By this it appears plainly that at that time Mr. Hopkins supposed that it was the _velocity of translation_ of the wave of shock that did the mischief, and not the _velocity of the wave particle_, or wave itself. And, further, that the former might be obtained by reference simply to the modulus of elasticity of the rock of any given formation, as, indeed, was my own earliest view when I produced my "Dynamics of Earthquake" in 1846. From the remarks already made as to the vast difference between the actual transit velocity in more or less discontinuous rocks--such as they occur in Nature--it will be equally obvious that Mr.
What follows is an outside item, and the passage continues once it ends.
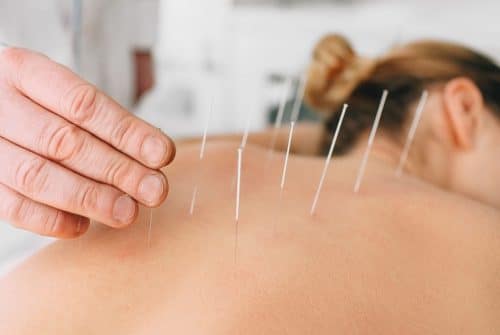 Quelles sont les prestations d’un acupuncteur professionnel ?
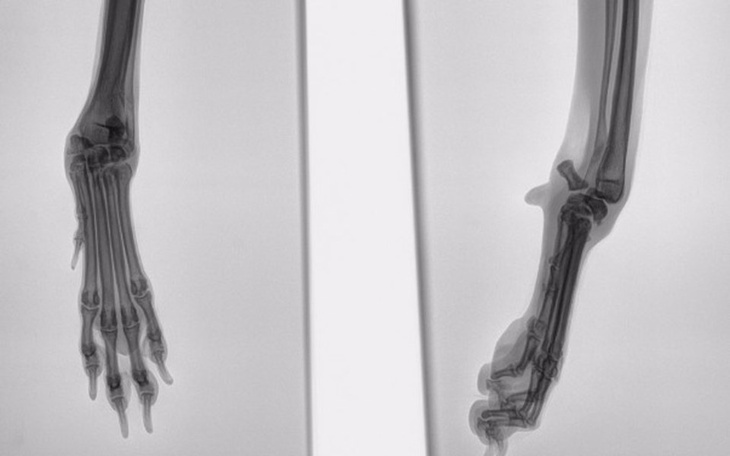 Zbiórka Suchy chce żyć bez bólu! - zdjęcie główne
Hopkins's methods, as above mentioned, are impracticable, even were there no confusion between the velocity of translation of the wave and that of the wave particle or wave itself.

This applies also to the demonstration and diagram (taken from Hopkins) given by Professor Phillips ("Vesuvius," pp. 258-259).

In December, 1857, occurred the great Neapolitan Earthquake, which desolated a large portion of that kingdom; and an opportunity then arose for practically applying to the problems of finding the directions of earthquake shock at a given point through which it has passed, and ultimately the position and depth of focus, other methods, which I had seen, from soon after the date of publication of my original Paper (1846), were easily practicable, and the details of which I had gradually matured.

Bearing in mind that, in the case of the normal vibration in any elastic solid of indefinite dimensions, the direction of motion in space of the _wave particle_ coincides in the first semiphase of the wave, and at the instant of its _maximum velocity_ with the right line joining the particle and the focus or centre of disturbance, it follows that, in the case of earthquakes, the normal vibration of the wave of shock is always in a vertical plane passing through the focus and any point on the earth's surface through which the shock passes (assuming for the present no disturbing causes after the impulse has been given), and that at such a point the movement of the wave particle in the first semiphase of the wave is in the same direction or sense as that of translation; and at the moment of maximum velocity the direction in space of the motion of the wave particle is that of the right line joining the point through which the wave has passed with the focus or centre of impulse.